§ **What you need to do**
From the first line through the line containing "map of restaurants, bars, coffee", transcribe the records exactly and include no other lines.

§ **Given records**
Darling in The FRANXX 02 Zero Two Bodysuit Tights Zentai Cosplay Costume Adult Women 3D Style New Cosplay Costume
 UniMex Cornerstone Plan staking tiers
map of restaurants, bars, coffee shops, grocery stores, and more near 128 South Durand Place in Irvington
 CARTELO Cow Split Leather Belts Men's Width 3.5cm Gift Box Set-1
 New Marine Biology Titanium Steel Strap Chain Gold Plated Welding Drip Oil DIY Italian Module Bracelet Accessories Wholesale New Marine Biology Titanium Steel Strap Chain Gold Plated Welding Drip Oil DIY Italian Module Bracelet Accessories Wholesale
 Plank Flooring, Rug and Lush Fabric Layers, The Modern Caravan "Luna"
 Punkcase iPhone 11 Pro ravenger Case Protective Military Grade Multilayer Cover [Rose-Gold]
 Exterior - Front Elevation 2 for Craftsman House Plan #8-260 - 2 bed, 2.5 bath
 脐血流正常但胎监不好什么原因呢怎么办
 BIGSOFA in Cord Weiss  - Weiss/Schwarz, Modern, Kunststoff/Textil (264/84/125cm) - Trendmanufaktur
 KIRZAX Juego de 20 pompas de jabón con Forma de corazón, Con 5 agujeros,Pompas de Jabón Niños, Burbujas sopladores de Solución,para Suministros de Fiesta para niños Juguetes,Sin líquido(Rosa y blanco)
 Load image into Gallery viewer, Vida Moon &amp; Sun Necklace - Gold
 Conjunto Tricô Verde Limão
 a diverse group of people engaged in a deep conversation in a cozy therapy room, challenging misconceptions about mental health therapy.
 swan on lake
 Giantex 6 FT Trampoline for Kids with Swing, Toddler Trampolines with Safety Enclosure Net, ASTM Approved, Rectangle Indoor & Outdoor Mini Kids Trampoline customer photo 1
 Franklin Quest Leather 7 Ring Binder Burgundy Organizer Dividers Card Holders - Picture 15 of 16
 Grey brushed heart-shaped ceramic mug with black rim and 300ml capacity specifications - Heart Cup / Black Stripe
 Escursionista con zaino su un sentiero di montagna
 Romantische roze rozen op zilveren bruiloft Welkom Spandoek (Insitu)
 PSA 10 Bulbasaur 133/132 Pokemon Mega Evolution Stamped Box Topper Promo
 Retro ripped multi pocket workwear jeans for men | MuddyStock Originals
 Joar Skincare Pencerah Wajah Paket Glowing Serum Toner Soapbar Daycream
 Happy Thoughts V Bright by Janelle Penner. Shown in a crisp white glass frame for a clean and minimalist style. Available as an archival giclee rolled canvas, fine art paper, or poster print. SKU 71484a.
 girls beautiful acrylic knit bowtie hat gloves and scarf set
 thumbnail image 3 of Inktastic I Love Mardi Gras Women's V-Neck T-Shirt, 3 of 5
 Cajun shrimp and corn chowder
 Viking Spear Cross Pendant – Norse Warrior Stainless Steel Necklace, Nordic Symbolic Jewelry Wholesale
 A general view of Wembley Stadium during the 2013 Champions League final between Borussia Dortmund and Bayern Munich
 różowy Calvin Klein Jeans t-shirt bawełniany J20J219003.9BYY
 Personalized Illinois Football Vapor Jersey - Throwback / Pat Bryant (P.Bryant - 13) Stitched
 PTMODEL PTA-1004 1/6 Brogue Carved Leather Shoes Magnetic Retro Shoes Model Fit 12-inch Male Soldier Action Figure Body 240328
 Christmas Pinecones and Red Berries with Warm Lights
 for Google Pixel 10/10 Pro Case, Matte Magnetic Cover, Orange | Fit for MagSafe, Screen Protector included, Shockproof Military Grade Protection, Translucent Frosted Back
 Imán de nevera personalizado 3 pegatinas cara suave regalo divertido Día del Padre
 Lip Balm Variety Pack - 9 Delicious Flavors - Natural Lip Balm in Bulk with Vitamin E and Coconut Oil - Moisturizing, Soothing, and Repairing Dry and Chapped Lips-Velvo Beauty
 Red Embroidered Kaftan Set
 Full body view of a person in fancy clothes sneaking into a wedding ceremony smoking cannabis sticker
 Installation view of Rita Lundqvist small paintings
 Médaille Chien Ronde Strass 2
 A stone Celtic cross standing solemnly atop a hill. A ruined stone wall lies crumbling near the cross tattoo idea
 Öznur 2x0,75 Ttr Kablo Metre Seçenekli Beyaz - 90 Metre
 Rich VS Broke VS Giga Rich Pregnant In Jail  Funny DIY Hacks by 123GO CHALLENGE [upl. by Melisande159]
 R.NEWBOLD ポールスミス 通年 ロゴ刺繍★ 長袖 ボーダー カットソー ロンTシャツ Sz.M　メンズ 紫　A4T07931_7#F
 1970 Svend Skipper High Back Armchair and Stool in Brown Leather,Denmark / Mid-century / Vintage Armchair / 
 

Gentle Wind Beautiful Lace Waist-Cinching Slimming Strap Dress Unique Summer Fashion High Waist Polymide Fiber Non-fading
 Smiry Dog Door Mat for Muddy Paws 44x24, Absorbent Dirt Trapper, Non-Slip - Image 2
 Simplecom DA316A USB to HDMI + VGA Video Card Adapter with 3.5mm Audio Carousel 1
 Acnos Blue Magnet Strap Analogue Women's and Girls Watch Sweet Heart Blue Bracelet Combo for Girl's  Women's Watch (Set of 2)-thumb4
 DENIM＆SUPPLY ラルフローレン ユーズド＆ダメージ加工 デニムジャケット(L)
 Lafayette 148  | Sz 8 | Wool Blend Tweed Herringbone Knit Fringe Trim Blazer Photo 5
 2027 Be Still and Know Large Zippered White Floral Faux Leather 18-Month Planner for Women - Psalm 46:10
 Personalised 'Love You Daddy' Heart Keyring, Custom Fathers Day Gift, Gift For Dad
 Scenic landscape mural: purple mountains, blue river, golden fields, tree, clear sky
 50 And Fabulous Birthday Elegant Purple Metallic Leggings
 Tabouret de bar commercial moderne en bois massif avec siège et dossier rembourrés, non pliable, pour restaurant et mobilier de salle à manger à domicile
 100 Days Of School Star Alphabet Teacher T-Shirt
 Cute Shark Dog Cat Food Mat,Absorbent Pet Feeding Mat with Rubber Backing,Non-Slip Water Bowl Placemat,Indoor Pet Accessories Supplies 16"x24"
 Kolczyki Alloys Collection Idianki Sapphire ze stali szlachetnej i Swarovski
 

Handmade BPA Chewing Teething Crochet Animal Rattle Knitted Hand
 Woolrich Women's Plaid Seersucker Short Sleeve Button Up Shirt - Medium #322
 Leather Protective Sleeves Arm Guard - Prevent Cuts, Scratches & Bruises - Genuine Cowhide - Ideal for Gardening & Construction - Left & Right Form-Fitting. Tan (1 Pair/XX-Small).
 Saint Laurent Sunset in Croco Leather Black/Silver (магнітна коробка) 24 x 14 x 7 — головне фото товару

§ **Response area**
Darling in The FRANXX 02 Zero Two Bodysuit Tights Zentai Cosplay Costume Adult Women 3D Style New Cosplay Costume
 UniMex Cornerstone Plan staking tiers
map of restaurants, bars, coffee shops, grocery stores, and more near 128 South Durand Place in Irvington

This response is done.